再エネ・技術

水素のみ燃料 大型発電所 青森・六ヶ所 30年度以降稼働計画 - 読売新聞

2026-05-23
青森・六ヶ所村で水素のみを燃料とする大型発電所が2030年度以降に稼働する計画が発表された。

専門家の視点

水素専焼の大型発電所は国内初の試みであり、技術的に確立された実績がまだ乏しい段階です。100%水素燃焼におけるNOx排出抑制や燃料供給の安定性といった実体面の課題が山積しています。
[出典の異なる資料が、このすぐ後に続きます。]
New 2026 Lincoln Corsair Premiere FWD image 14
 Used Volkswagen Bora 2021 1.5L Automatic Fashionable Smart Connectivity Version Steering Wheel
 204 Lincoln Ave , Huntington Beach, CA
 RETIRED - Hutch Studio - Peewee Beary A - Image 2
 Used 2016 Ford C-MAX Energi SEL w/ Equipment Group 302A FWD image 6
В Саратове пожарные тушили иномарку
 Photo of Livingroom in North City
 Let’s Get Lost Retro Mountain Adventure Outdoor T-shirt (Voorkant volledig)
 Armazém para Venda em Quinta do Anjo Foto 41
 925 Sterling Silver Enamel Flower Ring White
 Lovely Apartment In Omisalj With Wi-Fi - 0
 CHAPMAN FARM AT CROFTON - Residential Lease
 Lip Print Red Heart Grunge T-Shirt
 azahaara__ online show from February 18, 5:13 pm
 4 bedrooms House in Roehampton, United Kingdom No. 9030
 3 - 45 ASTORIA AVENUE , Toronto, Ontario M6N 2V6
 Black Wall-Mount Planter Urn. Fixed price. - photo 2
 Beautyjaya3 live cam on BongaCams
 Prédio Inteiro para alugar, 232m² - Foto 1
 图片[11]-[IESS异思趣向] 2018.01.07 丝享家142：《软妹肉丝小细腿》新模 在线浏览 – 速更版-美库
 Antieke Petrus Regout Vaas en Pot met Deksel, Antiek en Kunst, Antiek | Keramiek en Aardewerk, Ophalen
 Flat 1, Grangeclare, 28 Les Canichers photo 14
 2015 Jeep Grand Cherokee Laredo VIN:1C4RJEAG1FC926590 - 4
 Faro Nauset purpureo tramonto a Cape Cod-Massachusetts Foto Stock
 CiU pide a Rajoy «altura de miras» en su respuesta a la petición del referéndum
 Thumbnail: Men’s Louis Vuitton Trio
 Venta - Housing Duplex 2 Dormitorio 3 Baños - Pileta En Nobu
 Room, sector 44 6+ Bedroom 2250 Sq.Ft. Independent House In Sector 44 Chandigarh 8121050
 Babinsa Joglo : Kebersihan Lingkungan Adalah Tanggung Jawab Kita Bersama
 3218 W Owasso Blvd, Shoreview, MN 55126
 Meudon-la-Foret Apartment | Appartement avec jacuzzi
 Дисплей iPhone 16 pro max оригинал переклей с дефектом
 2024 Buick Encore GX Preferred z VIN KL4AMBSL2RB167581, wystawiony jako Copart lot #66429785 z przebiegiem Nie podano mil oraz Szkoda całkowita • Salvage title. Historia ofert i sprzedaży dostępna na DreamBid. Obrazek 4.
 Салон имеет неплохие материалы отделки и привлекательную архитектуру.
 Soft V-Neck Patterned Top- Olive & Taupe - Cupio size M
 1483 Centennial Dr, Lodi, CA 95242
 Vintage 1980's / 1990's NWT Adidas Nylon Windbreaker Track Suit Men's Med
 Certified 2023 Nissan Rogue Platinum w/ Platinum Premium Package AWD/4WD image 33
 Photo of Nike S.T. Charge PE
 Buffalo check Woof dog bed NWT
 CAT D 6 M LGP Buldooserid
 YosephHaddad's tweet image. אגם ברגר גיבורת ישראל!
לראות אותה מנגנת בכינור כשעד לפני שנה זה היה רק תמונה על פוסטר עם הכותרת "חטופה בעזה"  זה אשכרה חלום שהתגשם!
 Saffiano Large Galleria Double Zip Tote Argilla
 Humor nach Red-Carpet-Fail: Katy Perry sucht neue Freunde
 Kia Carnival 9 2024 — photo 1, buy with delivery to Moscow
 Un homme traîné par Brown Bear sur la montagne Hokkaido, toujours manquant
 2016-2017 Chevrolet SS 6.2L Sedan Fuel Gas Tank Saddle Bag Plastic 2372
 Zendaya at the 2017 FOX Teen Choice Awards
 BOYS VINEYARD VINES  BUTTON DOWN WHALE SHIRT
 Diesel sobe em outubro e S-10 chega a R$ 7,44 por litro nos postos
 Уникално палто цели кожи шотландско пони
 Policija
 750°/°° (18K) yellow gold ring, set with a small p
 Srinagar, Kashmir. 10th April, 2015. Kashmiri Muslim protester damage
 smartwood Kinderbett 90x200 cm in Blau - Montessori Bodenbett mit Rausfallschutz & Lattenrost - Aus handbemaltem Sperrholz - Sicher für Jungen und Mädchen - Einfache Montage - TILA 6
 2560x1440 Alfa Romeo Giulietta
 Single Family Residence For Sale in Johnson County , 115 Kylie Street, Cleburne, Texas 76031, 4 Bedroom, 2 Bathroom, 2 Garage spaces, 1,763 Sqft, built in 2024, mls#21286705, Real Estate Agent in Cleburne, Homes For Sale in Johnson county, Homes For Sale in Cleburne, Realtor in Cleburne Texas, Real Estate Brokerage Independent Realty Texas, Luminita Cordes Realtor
一方で、政府の水素基本戦略やGX推進法が「2050年カーボンニュートラル」という物語を強く後押ししており、今回の計画はその物語に沿った象徴的なプロジェクトです。ただし、青森・六ヶ所村という立地は、周辺に大規模な水素サプライチェーンが未整備であり、実証から商用化への時間軸が具体的に示されていません。この計画だけを見ると、物語が実体を大きく先行している構造が透けて見えます。次の観測点は、水素調達コストと供給量の現実的な見通し、そして同地域で同時に進む他の脱炭素プロジェクトとの連携可能性です。現時点では、発表の華々しさの割に実行可能な工程表が曖昧であり、期待先行のリスクをはらんでいます。